Traduction certifiée conforme

Ghislaine Poitras, LL.L., Trad. a.

 

 

 

 

 

 

 

 

 

 

 

ANNEXE

 

            Voici le texte des articles 7, 9, 10 et 41 de la Loi sur l’accès à l’information :

Notification

 

7. Le responsable de l’institution fédérale à qui est faite une demande de communication de document est tenu, dans les trente jours suivant sa réception, sous réserve des articles 8, 9 et 11 :

a) d’aviser par écrit la personne qui a fait la demande de ce qu’il sera donné ou non communication totale ou partielle du document;

b) le cas échéant, de donner communication totale ou partielle du document.

 

. . .

 

Prorogation du délai

 

9. (1) Le responsable d’une institution fédérale peut proroger le délai mentionné à l’article 7 ou au paragraphe 8(1) d’une période que justifient les circonstances dans les cas où :

a) l’observation du délai entraverait de façon sérieuse le fonctionnement de l’institution en raison soit du grand nombre de documents demandés, soit de l’ampleur des recherches à effectuer pour donner suite à la demande;

 

b) les consultations nécessaires pour donner suite à la demande rendraient pratiquement impossible l’observation du délai;

c) avis de la demande a été donné en vertu du paragraphe 27(1).

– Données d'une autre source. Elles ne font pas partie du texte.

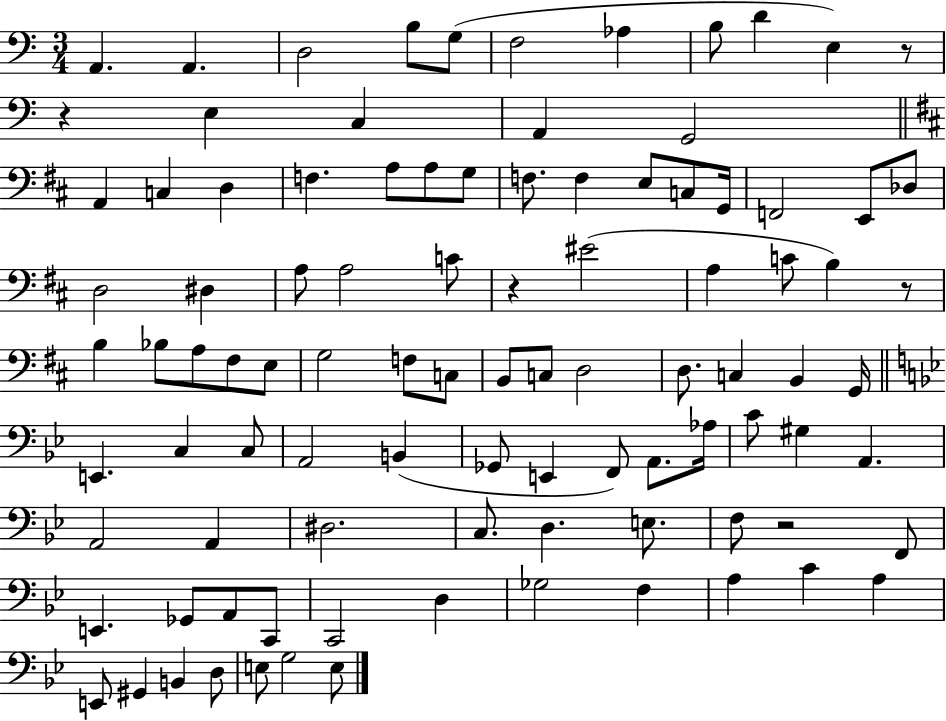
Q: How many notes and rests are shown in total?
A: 97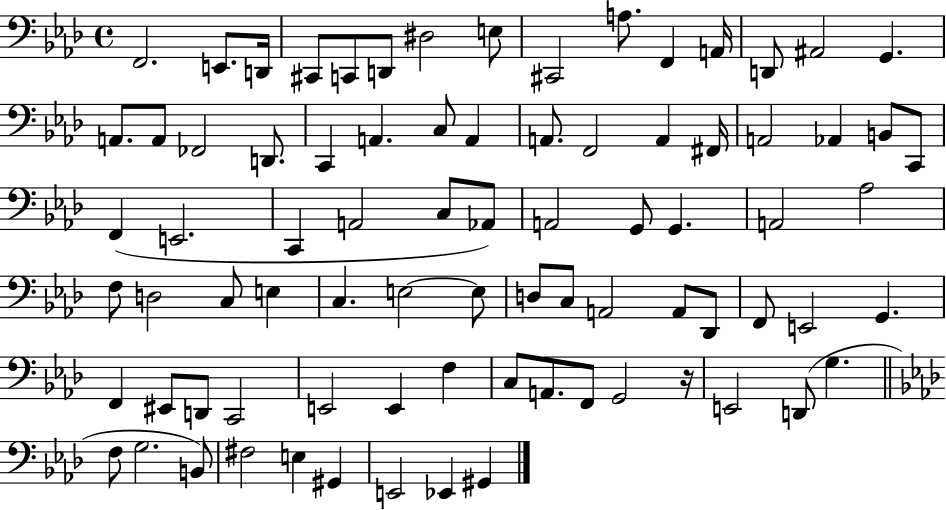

Dans l’un ou l’autre des cas prévus aux alinéas a), b) et c), le responsable de l’institution fédérale envoie à la personne qui a fait la demande, dans les trente jours suivant sa réception, un avis de prorogation de délai, en lui faisant part de son droit de déposer une plainte à ce propos auprès du Commissaire à l’information; dans les cas prévus aux alinéas a) et b), il lui fait aussi part du nouveau délai.

 

Avis au Commissaire à l’information

 

(2) Dans les cas où la prorogation de délai visée au paragraphe (1) dépasse trente jours, le responsable de l’institution fédérale en avise en même temps le Commissaire à l’information et la personne qui a fait la demande.

 

 

 

Refus de communication

 

10. (1) En cas de refus de communication totale ou partielle d’un document demandé en vertu de la présente loi, l’avis prévu à l’alinéa 7a) doit mentionner, d’une part, le droit de la personne qui a fait la demande de déposer une plainte auprès du Commissaire à l’information et, d’autre part :

a) soit le fait que le document n’existe pas;

b) soit la disposition précise de la présente loi sur laquelle se fonde le refus ou, s’il n’est pas fait état de l’existence du document, la disposition sur laquelle il pourrait vraisemblablement se fonder si le document existait.

 

 

 

 

 

Dispense de divulgation de l’existence d’un document

(2) Le paragraphe (1) n’oblige pas le responsable de l’institution fédérale à faire état de l’existence du document demandé.

 

Présomption de refus

(3) Le défaut de communication totale ou partielle d’un document dans les délais prévus par la présente loi vaut décision de refus de communication.

 

 

 

 

 

. . .

 

Révision par la Cour fédérale

 

41. La personne qui s’est vu refuser communication totale ou partielle d’un document demandé en vertu de la présente loi et qui a déposé ou fait déposer une plainte à ce sujet devant le Commissaire à l’information peut, dans un délai de quarante-cinq jours suivant le compte rendu du Commissaire prévu au paragraphe 37(2), exercer un recours en révision de la décision de refus devant la Cour. La Cour peut, avant ou après l’expiration du délai, le proroger ou en autoriser la prorogation.

 

Notice where access requested

 

7. Where access to a record is requested under this Act, the head of the government institution to which the request is made shall, subject to sections 8, 9 and 11, within thirty days after the request is received,

(a) give written notice to the person who made the request as to whether or not access to the record or a part thereof will be given; and

(b) if access is to be given, give the person who made the request access to the record or part thereof.

 

[...]

 

Extension of time limits

 

9. (1) The head of a government institution may extend the time limit set out in section 7 or subsection 8(1) in respect of a request under this Act for a reasonable period of time, having regard to the circumstances, if

(a) the request is for a large number of records or necessitates a search through a large number of records and meeting the original time limit would unreasonably interfere with the operations of the government institution,

 

(b) consultations are necessary to comply with the request that cannot reasonably be completed within the original time limit, or

(c) notice of the request is given pursuant to subsection 27(1)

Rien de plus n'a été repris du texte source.